Data entries:

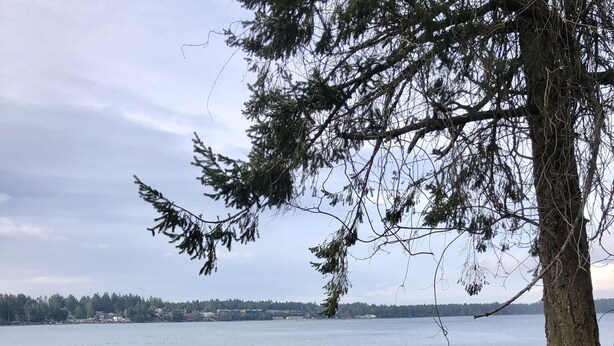 A wooden deck with a bench and a table, overlooking a rocky shoreline and a body of water. - Oceanfront Nanoose Bay stunning views condo sleeps 6 (Nanoose Bay)
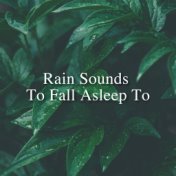 Rain Sounds To Fall Asleep To
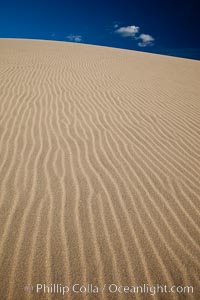 Eureka Dunes.  The Eureka Valley Sand Dunes are California's tallest sand dunes, and one of the tallest in the United States.  Rising 680' above the floor of the Eureka Valley, the Eureka sand dunes are home to several endangered species, as well as "singing sand" that makes strange sounds when it shifts.  Located in the remote northern portion of Death Valley National Park, the Eureka Dunes see very few visitors
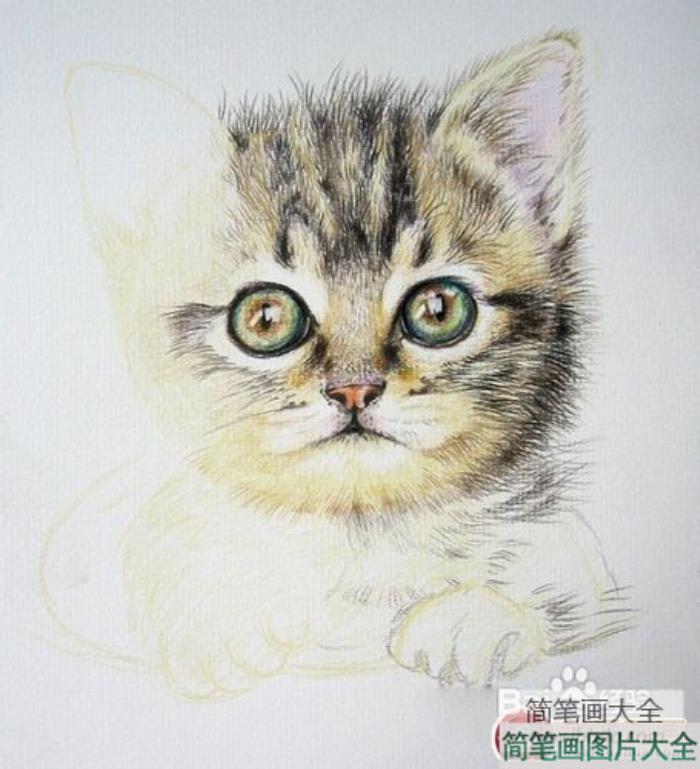 可爱的小猫咪儿童画画作品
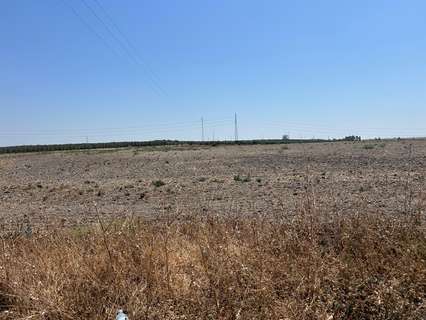 Parcela urbana en venta en Utrera rebajada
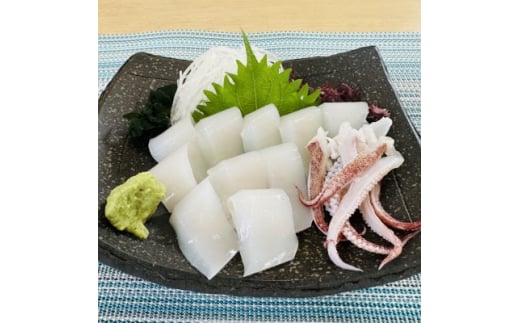 剣先イカ(アカイカ)2袋 小分け 冷凍 刺身 ケンサキイカ ふらい にもの みなみちたちょう いか 料理 おかず 天ぷら フライ 煮物 いか 南知多剣先いか 焼きそば お好み焼き 炒め物 いか 愛知県ケンサキイカ 愛知県 てんぷら いか いか飯 いか焼き ふるさと納税イカ いか 剣先いか南知多町 愛知県産 アカイカ南知多町 人気 おすすめ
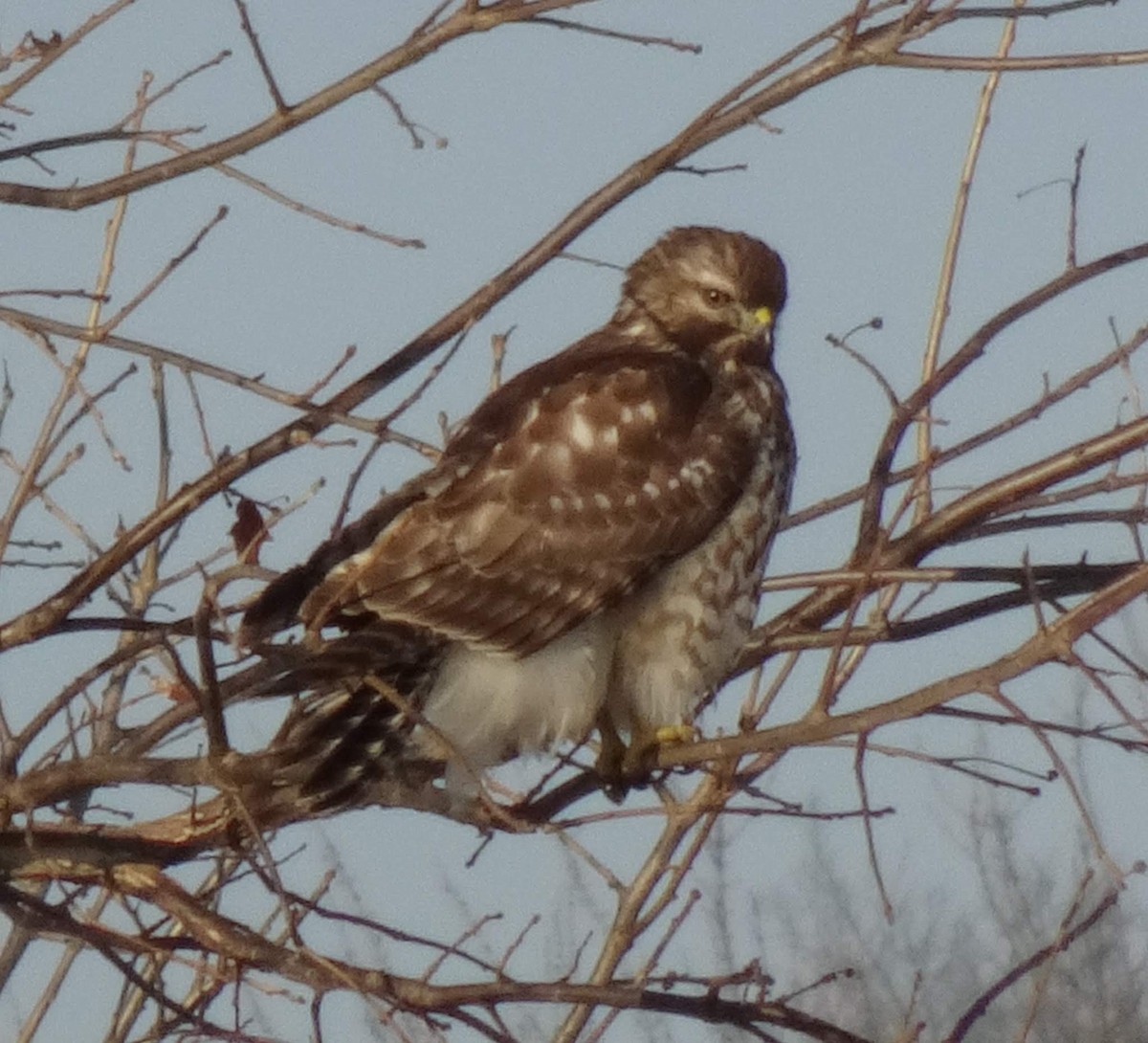 Red-shouldered Hawk - Patricia Welle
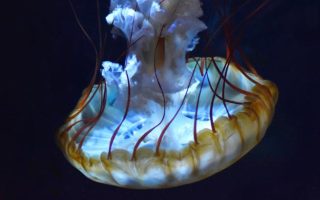 Dive into the Abyss at Nausicaá’s Latest Exhibition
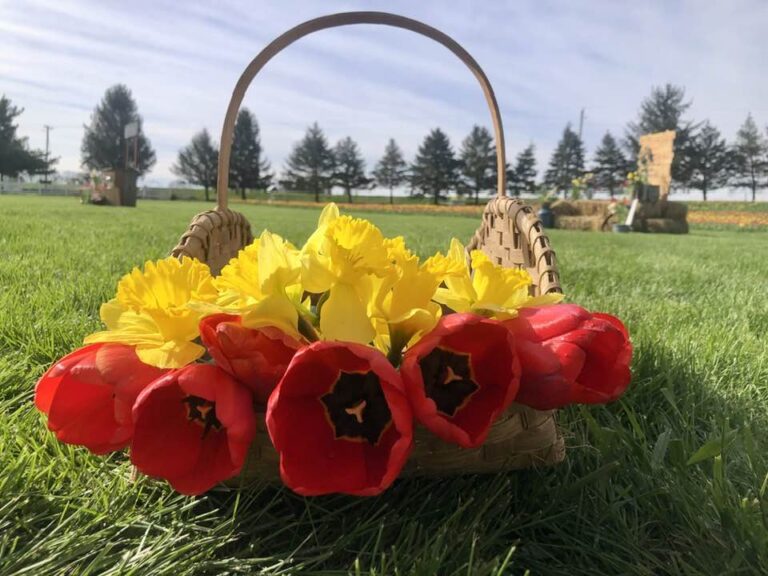 493194730 122174048996323529 8491868210143451499 n 768x576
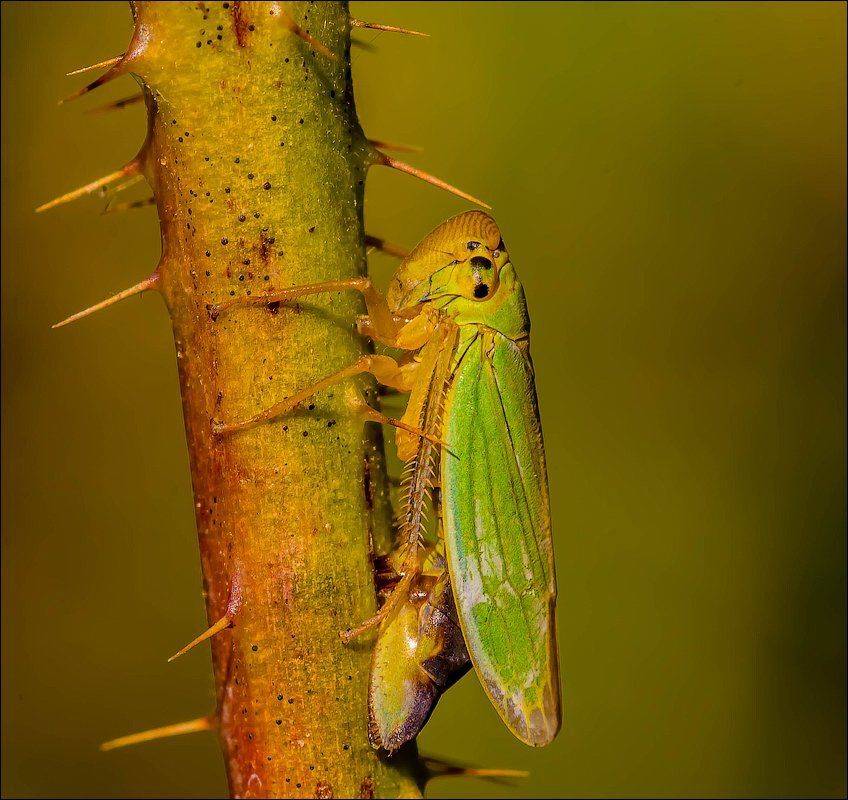 , Бурлов Андрей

## [TASK OBJECTIVE]
Please keep the pictures out and reproduce the records above exactly.

## [COMPLETED TASK]
 A wooden deck with a bench and a table, overlooking a rocky shoreline and a body of water. - Oceanfront Nanoose Bay stunning views condo sleeps 6 (Nanoose Bay)
 Rain Sounds To Fall Asleep To
 Eureka Dunes.  The Eureka Valley Sand Dunes are California's tallest sand dunes, and one of the tallest in the United States.  Rising 680' above the floor of the Eureka Valley, the Eureka sand dunes are home to several endangered species, as well as "singing sand" that makes strange sounds when it shifts.  Located in the remote northern portion of Death Valley National Park, the Eureka Dunes see very few visitors
 可爱的小猫咪儿童画画作品
 Parcela urbana en venta en Utrera rebajada
 剣先イカ(アカイカ)2袋 小分け 冷凍 刺身 ケンサキイカ ふらい にもの みなみちたちょう いか 料理 おかず 天ぷら フライ 煮物 いか 南知多剣先いか 焼きそば お好み焼き 炒め物 いか 愛知県ケンサキイカ 愛知県 てんぷら いか いか飯 いか焼き ふるさと納税イカ いか 剣先いか南知多町 愛知県産 アカイカ南知多町 人気 おすすめ
 Red-shouldered Hawk - Patricia Welle
 Dive into the Abyss at Nausicaá’s Latest Exhibition
 493194730 122174048996323529 8491868210143451499 n 768x576
 , Бурлов Андрей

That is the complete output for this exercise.